▸ TASK REQUIREMENTS
Among the entries below, one stretch runs from the line that contains "Fellowes 79Ci 100%" through the line that contains "Kisah Pertemuan Gus". Repeat that stretch exactly, ends included, and only that.
══ DATA EXTRACT ══
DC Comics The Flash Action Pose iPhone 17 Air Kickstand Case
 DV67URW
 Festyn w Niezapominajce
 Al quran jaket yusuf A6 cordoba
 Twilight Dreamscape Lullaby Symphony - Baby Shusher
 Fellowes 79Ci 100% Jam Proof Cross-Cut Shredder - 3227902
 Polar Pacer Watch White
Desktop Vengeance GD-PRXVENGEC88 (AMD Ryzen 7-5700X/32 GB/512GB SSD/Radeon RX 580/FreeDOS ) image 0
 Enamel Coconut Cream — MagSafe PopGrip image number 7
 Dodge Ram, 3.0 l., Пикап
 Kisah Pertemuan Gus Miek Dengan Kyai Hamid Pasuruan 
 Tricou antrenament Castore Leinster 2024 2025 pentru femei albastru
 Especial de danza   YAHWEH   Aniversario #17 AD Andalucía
═══
▸ YOUR SOLUTION
 Fellowes 79Ci 100% Jam Proof Cross-Cut Shredder - 3227902
 Polar Pacer Watch White
Desktop Vengeance GD-PRXVENGEC88 (AMD Ryzen 7-5700X/32 GB/512GB SSD/Radeon RX 580/FreeDOS ) image 0
 Enamel Coconut Cream — MagSafe PopGrip image number 7
 Dodge Ram, 3.0 l., Пикап
 Kisah Pertemuan Gus Miek Dengan Kyai Hamid Pasuruan 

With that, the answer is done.